[Data entries]
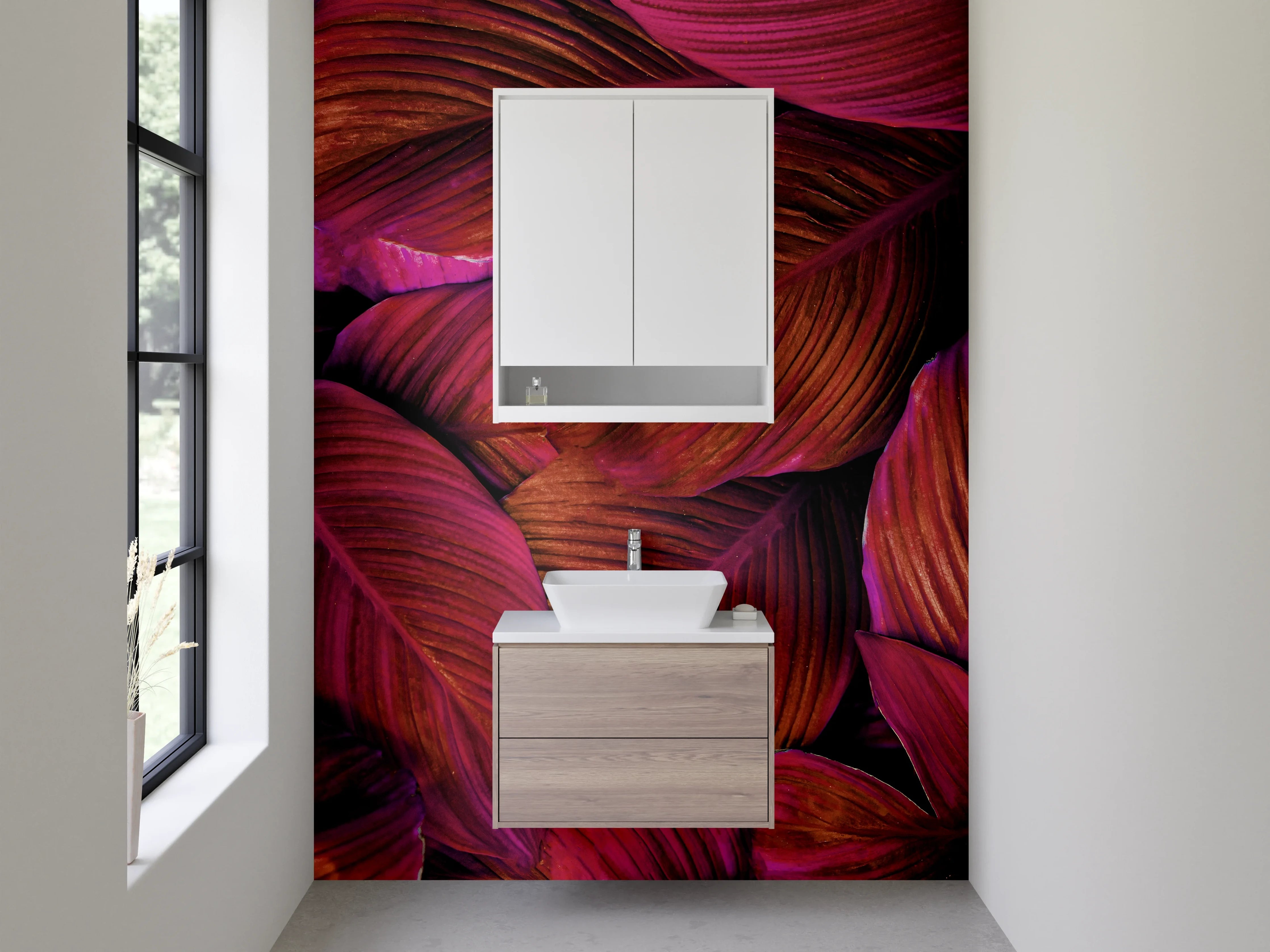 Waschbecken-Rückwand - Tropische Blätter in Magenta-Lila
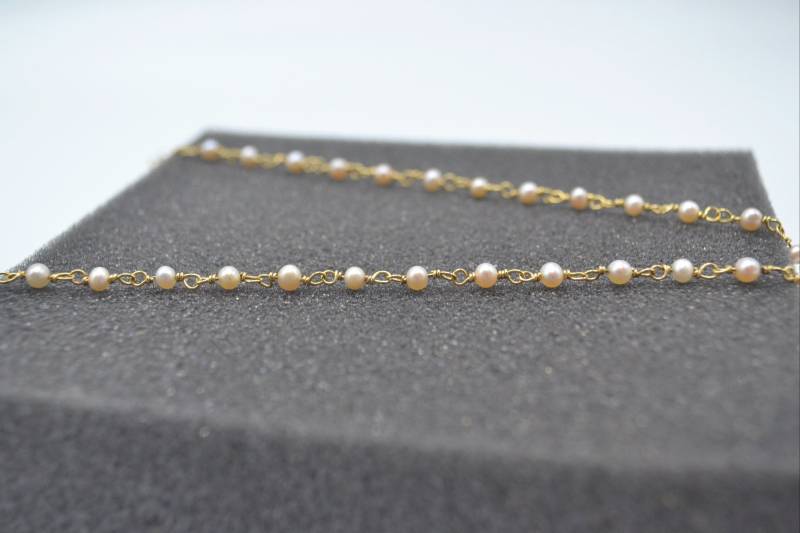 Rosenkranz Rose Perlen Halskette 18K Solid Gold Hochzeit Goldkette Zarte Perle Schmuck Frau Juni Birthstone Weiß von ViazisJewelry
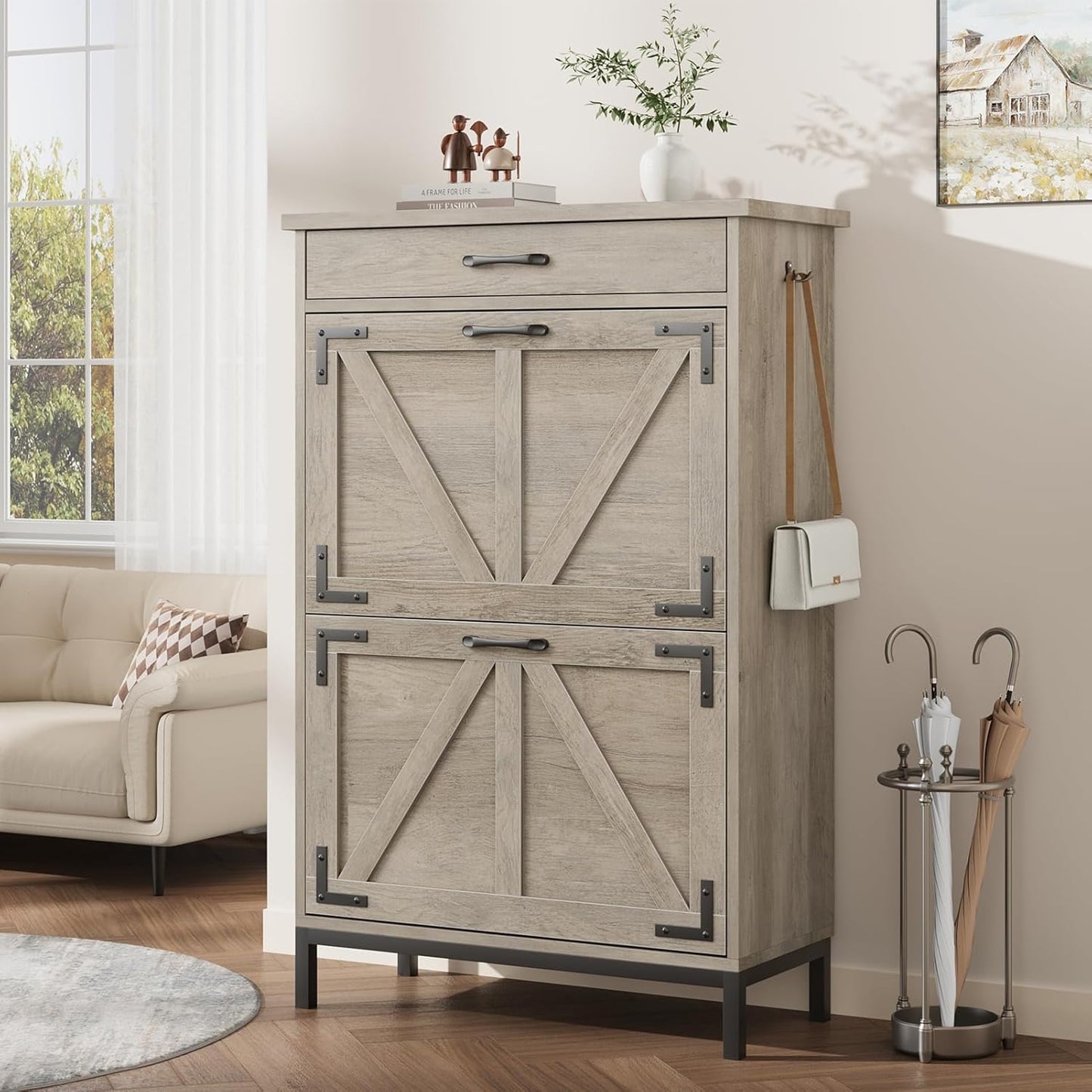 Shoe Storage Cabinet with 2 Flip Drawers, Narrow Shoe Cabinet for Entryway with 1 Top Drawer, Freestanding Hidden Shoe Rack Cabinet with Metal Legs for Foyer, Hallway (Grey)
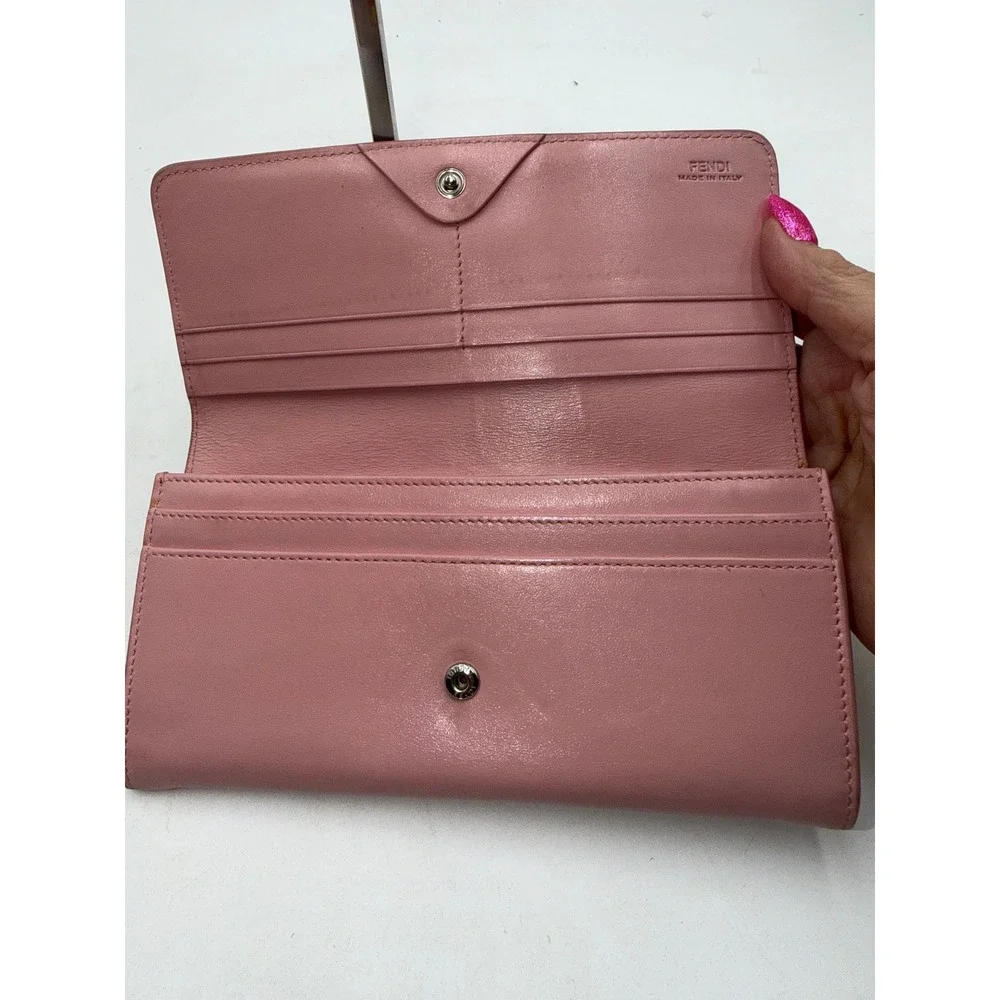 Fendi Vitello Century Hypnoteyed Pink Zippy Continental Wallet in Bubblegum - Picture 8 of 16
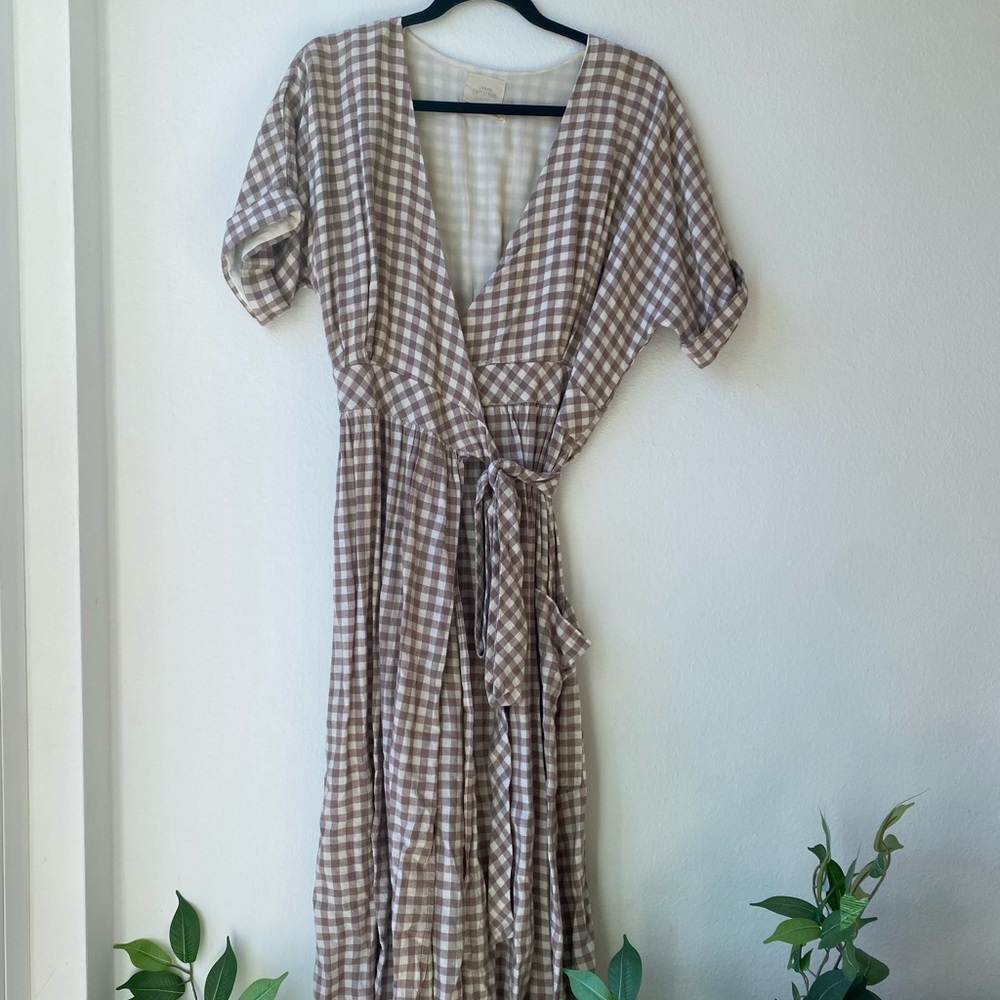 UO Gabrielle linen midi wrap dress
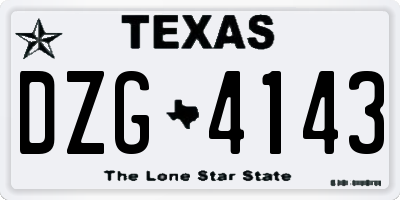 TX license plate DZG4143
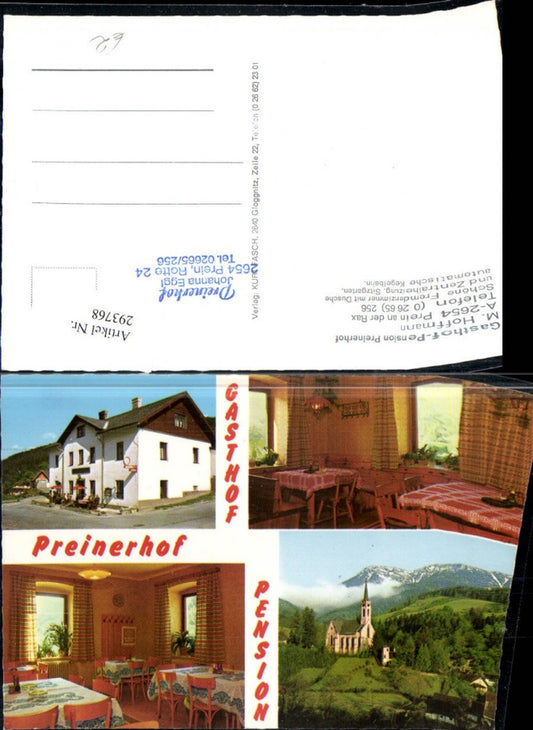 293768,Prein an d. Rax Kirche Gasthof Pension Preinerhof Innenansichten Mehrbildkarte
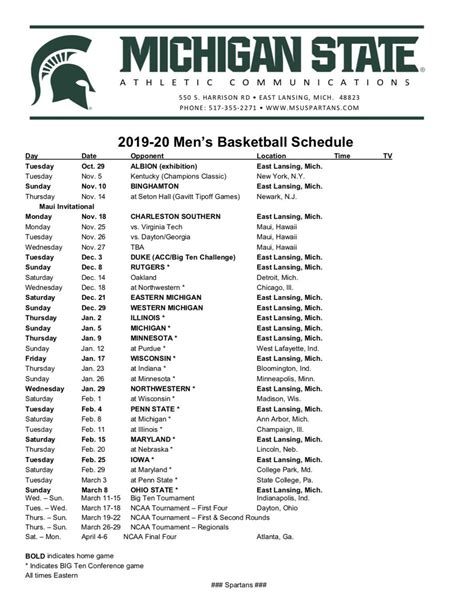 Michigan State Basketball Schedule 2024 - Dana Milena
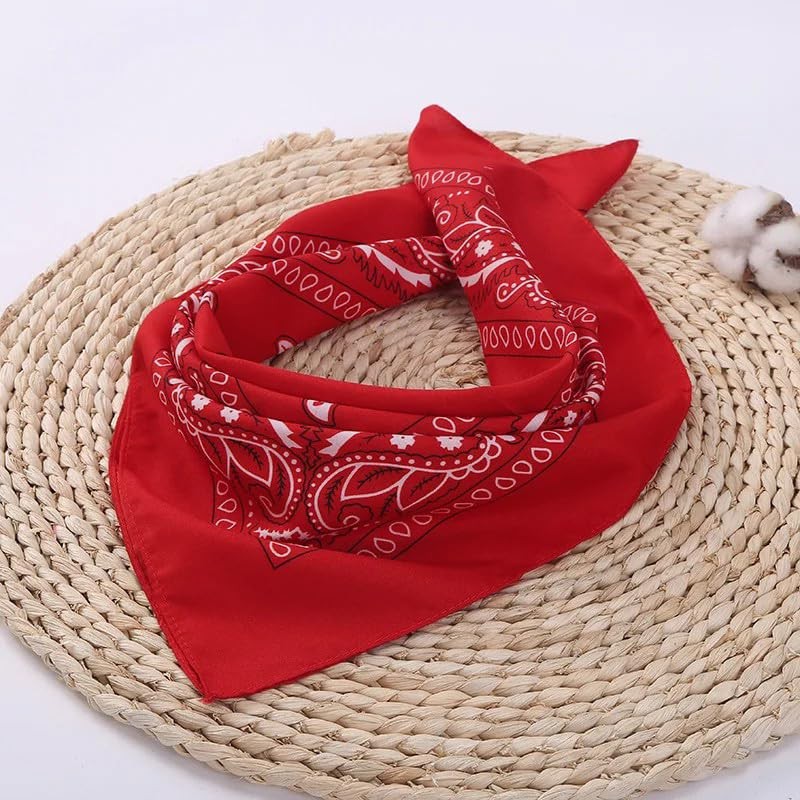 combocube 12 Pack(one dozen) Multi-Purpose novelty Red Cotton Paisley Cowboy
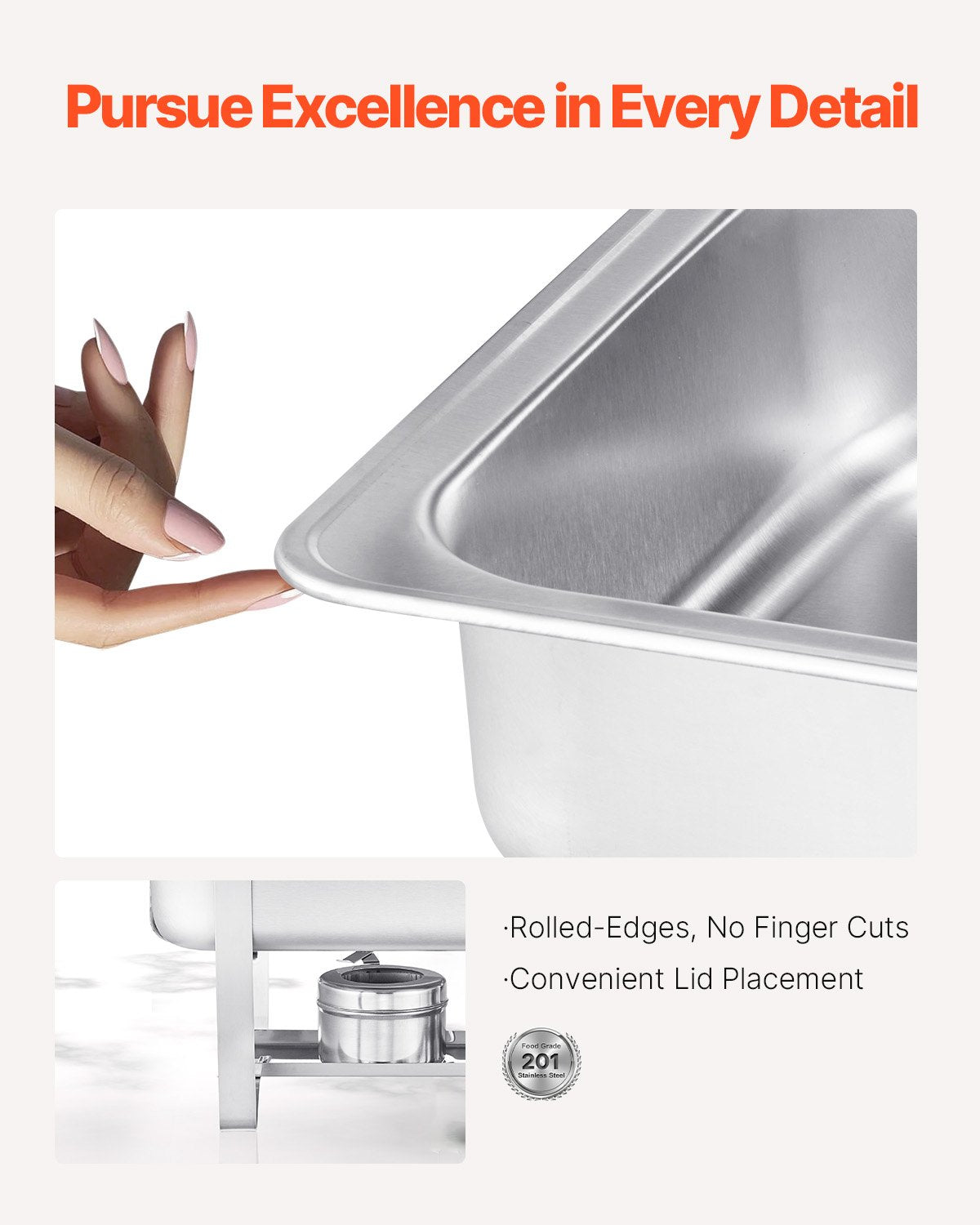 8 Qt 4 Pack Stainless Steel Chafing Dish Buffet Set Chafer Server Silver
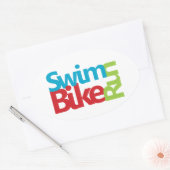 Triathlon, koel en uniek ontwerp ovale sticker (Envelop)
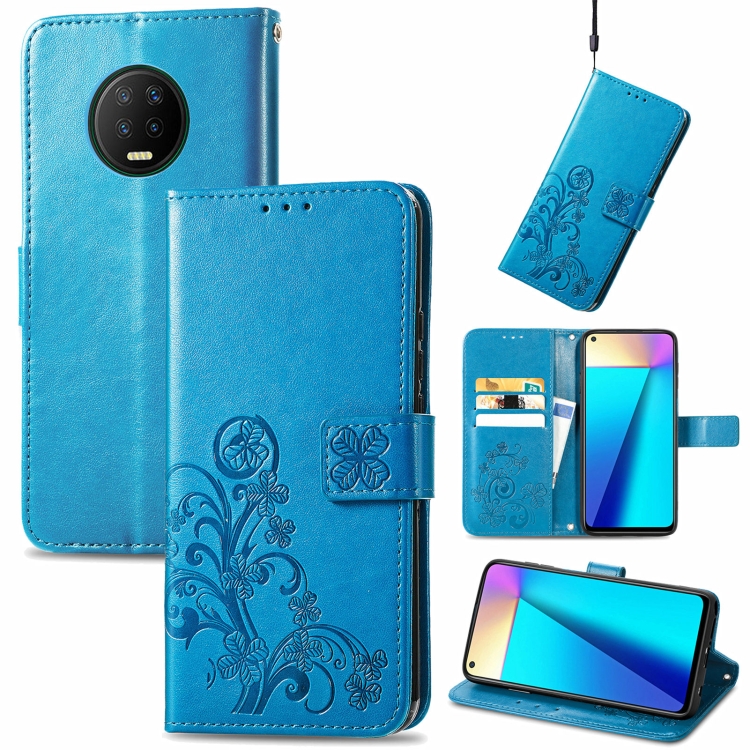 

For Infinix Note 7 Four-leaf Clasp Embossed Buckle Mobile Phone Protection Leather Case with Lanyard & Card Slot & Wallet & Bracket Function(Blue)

● Your instructions:
Starting at the line containing "Rosenkranz Rose Perlen" and finishing at the line containing "Triathlon, koel en", return those lines exactly as they appear above, without the pictures.

● Answer for this exercise:
 Rosenkranz Rose Perlen Halskette 18K Solid Gold Hochzeit Goldkette Zarte Perle Schmuck Frau Juni Birthstone Weiß von ViazisJewelry
 Shoe Storage Cabinet with 2 Flip Drawers, Narrow Shoe Cabinet for Entryway with 1 Top Drawer, Freestanding Hidden Shoe Rack Cabinet with Metal Legs for Foyer, Hallway (Grey)
 Fendi Vitello Century Hypnoteyed Pink Zippy Continental Wallet in Bubblegum - Picture 8 of 16
 UO Gabrielle linen midi wrap dress
 TX license plate DZG4143
 293768,Prein an d. Rax Kirche Gasthof Pension Preinerhof Innenansichten Mehrbildkarte
 Michigan State Basketball Schedule 2024 - Dana Milena
 combocube 12 Pack(one dozen) Multi-Purpose novelty Red Cotton Paisley Cowboy
 8 Qt 4 Pack Stainless Steel Chafing Dish Buffet Set Chafer Server Silver
 Triathlon, koel en uniek ontwerp ovale sticker (Envelop)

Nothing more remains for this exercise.